The 1972 United States presidential election in New York took place on November 7, 1972. All 50 states and the District of Columbia, were part of the 1972 United States presidential election. Voters chose 41 electors to the Electoral College, which voted for President and Vice President.

New York was won by incumbent Republican President Richard Nixon, who succeeded in securing re-election against Democratic Senator George McGovern of South Dakota. Nixon ran with Vice President, and former Maryland Governor, Spiro Agnew for vice president, and McGovern ran with United States Ambassador Sargent Shriver for vice president. In the midst of a nationwide Republican landslide, Nixon took 58.54% of the vote in New York State to McGovern's 41.21%, a margin of 17.34%. New York weighed in for this election as more Democratic than the national average by about 6%.

Nearly all counties in New York State turned out for Nixon, and only the New York City boroughs of Manhattan, Brooklyn and the Bronx voted for McGovern. McGovern was able to win New York City overall with his victories in these three boroughs, taking two-thirds of the vote in Manhattan and also winning majority votes in Brooklyn and the Bronx. However, Nixon was able to put in a relatively strong performance citywide, winning 56% of the vote in Queens and 74% of the vote in Staten Island. 1972 remains the last election in which a Republican presidential nominee has won any New York City borough other than Staten Island, Queens being a heavily populated county that was historically key to Republican competition in New York. This was also the last election in which a Republican presidential nominee has won the upstate counties of Erie County, where the city of Buffalo is located, and Albany County, where the state capital of Albany is located, as well as in turn, the last Republican to win every county of upstate New York. Both of these counties have become solidly Democratic in the years that have followed.

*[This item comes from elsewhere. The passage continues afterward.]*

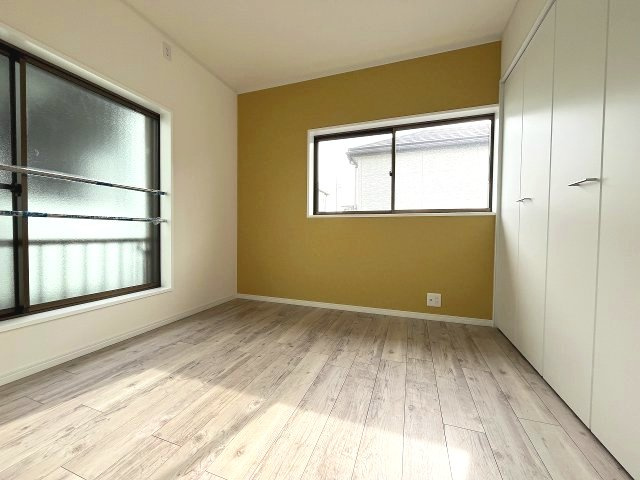 中村区中村本町四丁目　戸建の洋室|2つの窓から自然光が入り込むため部屋全体が明るく開放感があります。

The presidential election of 1972 was an extremely partisan election for New York, with 99.75% of the electorate voting either Republican or Democrat. Having delivered as President a period of relative economic stability and growth, and showing promising movements towards peace in Vietnam, Nixon was able to gain reelection with electors from every State in the U.S., except Massachusetts and the District of Columbia. The Vietnam War continued to be a strong issue during this election, with both candidates declaring desire to end the conflict.

This was the first election since 1808 in which New York did not have the largest number of electors in the Electoral College, having fallen to 41 electors versus California's 45 as a result of the 1970 census. It is also the only presidential election from 1952 onwards in which New York did not vote the same way as Massachusetts. As of the 2024 U.S. presidential election, this is the last time that New York state voted more Republican than Michigan, Wisconsin, and South Dakota, and the last time that Queens voted Republican in a presidential election.

==Campaign==
The number of votes cast on the Liberal Party of New York's ballot line declined by almost 60%.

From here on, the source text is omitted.